→ **WHAT NEEDS TO BE DONE**: Retype every entry precisely and keep each line whole.

→ **Crawled caption data**:

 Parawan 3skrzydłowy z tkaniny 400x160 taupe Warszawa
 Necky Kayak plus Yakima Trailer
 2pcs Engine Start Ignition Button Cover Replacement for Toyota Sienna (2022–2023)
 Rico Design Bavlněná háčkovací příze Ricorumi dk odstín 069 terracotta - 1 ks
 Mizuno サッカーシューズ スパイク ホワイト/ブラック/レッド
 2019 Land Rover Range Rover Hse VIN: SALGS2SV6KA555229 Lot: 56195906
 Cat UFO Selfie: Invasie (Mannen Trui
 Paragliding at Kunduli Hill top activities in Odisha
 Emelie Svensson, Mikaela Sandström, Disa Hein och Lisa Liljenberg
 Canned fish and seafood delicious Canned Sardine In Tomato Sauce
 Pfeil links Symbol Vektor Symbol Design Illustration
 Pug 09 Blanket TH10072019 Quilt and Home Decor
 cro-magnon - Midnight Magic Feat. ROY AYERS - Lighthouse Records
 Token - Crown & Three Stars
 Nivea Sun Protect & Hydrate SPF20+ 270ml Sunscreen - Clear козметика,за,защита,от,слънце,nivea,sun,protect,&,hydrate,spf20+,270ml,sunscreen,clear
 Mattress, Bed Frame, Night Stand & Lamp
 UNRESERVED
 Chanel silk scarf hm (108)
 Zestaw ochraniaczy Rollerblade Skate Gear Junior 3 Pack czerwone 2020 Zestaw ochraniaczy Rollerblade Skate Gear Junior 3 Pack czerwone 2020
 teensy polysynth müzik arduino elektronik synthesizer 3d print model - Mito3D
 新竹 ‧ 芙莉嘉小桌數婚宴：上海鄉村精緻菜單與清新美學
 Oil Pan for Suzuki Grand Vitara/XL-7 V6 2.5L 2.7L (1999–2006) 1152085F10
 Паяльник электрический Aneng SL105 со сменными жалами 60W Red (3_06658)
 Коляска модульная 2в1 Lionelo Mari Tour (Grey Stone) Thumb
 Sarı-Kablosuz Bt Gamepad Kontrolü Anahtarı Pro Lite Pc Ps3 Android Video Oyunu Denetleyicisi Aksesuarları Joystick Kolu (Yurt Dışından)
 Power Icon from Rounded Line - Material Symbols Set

→ **FINAL ANSWER**:
 Parawan 3skrzydłowy z tkaniny 400x160 taupe Warszawa
 Necky Kayak plus Yakima Trailer
 2pcs Engine Start Ignition Button Cover Replacement for Toyota Sienna (2022–2023)
 Rico Design Bavlněná háčkovací příze Ricorumi dk odstín 069 terracotta - 1 ks
 Mizuno サッカーシューズ スパイク ホワイト/ブラック/レッド
 2019 Land Rover Range Rover Hse VIN: SALGS2SV6KA555229 Lot: 56195906
 Cat UFO Selfie: Invasie (Mannen Trui
 Paragliding at Kunduli Hill top activities in Odisha
 Emelie Svensson, Mikaela Sandström, Disa Hein och Lisa Liljenberg
 Canned fish and seafood delicious Canned Sardine In Tomato Sauce
 Pfeil links Symbol Vektor Symbol Design Illustration
 Pug 09 Blanket TH10072019 Quilt and Home Decor
 cro-magnon - Midnight Magic Feat. ROY AYERS - Lighthouse Records
 Token - Crown & Three Stars
 Nivea Sun Protect & Hydrate SPF20+ 270ml Sunscreen - Clear козметика,за,защита,от,слънце,nivea,sun,protect,&,hydrate,spf20+,270ml,sunscreen,clear
 Mattress, Bed Frame, Night Stand & Lamp
 UNRESERVED
 Chanel silk scarf hm (108)
 Zestaw ochraniaczy Rollerblade Skate Gear Junior 3 Pack czerwone 2020 Zestaw ochraniaczy Rollerblade Skate Gear Junior 3 Pack czerwone 2020
 teensy polysynth müzik arduino elektronik synthesizer 3d print model - Mito3D
 新竹 ‧ 芙莉嘉小桌數婚宴：上海鄉村精緻菜單與清新美學
 Oil Pan for Suzuki Grand Vitara/XL-7 V6 2.5L 2.7L (1999–2006) 1152085F10
 Паяльник электрический Aneng SL105 со сменными жалами 60W Red (3_06658)
 Коляска модульная 2в1 Lionelo Mari Tour (Grey Stone) Thumb
 Sarı-Kablosuz Bt Gamepad Kontrolü Anahtarı Pro Lite Pc Ps3 Android Video Oyunu Denetleyicisi Aksesuarları Joystick Kolu (Yurt Dışından)
 Power Icon from Rounded Line - Material Symbols Set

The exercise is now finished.